Spiced pumpkin pierogi and the end of 2018

The time has come to reflect and review… and on doing so, it becomes evidently clear to me that 2018 was not my best, most successful year. Many things I wanted to do fell flat. I could get all paranoid about it but I can’t help thinking that this would be self-indulgent since I have so many things in my life to be grateful for – my daughter, my family, my home, my friendships… therefore it’s also become evidently clear that abundance is all around and doesn’t necessarily equal everything working out how I would wish it to. Even 2018 had some great moments – The Taste Festival in Lublin, the supper club at You Don’t Bring Me Flowers… many moments of joy with my daughter and many new recipes and foodie ideas… I’ve been experimenting with different flavours of the classic Polish dumpling: pierogi.
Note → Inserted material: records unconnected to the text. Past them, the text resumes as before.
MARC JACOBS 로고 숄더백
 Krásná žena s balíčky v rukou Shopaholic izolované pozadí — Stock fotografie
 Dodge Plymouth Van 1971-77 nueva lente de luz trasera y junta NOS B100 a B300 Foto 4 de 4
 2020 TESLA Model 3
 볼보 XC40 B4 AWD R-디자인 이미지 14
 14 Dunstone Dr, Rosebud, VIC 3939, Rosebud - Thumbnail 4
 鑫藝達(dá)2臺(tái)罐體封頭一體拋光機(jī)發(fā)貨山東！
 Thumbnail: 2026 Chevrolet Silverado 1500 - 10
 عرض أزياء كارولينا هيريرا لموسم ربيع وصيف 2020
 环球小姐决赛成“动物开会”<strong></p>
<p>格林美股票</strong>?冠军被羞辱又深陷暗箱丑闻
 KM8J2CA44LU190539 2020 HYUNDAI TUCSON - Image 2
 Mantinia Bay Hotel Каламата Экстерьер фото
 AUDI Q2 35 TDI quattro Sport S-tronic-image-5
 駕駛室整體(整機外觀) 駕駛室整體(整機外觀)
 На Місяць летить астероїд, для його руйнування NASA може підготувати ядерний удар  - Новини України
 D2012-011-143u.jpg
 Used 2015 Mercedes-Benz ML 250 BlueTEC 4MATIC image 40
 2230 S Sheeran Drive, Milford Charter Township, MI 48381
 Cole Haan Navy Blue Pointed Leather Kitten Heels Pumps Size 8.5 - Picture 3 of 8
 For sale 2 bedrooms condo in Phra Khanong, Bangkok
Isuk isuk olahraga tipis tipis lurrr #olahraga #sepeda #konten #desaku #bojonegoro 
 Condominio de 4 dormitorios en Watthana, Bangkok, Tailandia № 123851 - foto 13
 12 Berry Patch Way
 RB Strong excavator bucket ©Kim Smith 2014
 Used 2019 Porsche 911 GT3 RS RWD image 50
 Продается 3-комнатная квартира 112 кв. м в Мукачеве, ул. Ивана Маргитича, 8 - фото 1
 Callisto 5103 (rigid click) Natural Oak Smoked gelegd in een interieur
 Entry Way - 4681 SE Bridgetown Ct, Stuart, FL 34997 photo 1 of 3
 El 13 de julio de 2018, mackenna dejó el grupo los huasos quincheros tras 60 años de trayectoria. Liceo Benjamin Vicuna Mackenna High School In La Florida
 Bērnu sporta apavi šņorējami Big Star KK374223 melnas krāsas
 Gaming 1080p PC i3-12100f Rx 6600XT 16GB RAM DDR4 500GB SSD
If you’ve read my cookbook, then you will already know my pink and green pierogi, yet these autumnal pumpkin flavoured ones are one of my best discoveries yet and ideal comfort food for this time of year. Yes, the chocolate and poppy-seed pierogi were amazing, but for Autumn the spiced pumpkin pierogi have stolen the show. To make the pumpkin purée, you simply cook the pumpkin in some water until soft, then blend it.



300g plain flour
2 egg yolks
Pinch of salt
100g pumpkin purée
1 tablespoon rapeseed oil
2 tablespoons melted butter
Pinch of turmeric


100g twaróg or white cheese
100g pumpkin purée
1 tablespoon soft brown sugar
1/2 teaspoon cinnamon
1/2 teaspoon cardamom
Large pinch nutmeg


  • To make the dough combine the flour with the egg yolks and add the pumpkin purée. Bring together with your hands, adding tepid water if needed. 
  • Add the butter.
  • Knead for about 7-8min until you get an elastic dough, then add the oil and carry on for another 2 min of so.
  • Cover with a damp tea-towel and place to rest in the fridge for about 20min.
  • Meanwhile, make your filling by combining all the filling ingredients and mashing with a fork.
  • Roll your dough out thinly on a floured surface.
  • Cut circle shapes out of your dough and place a teaspoon of filling in the middle of each shape. Bring the edges together and stick to form half-moon shapes. You can also pinch the dough together afterwards to make the frills as they are in the photo.
  • Bring a large pan of salted water to the boil.
  • Cook the pierogi 5-6 at a time. Once they float give them another 2min, then remove with a slotted spoon.
  • Serve with soured cream and honey (and nasturtium flowers if you can still find them).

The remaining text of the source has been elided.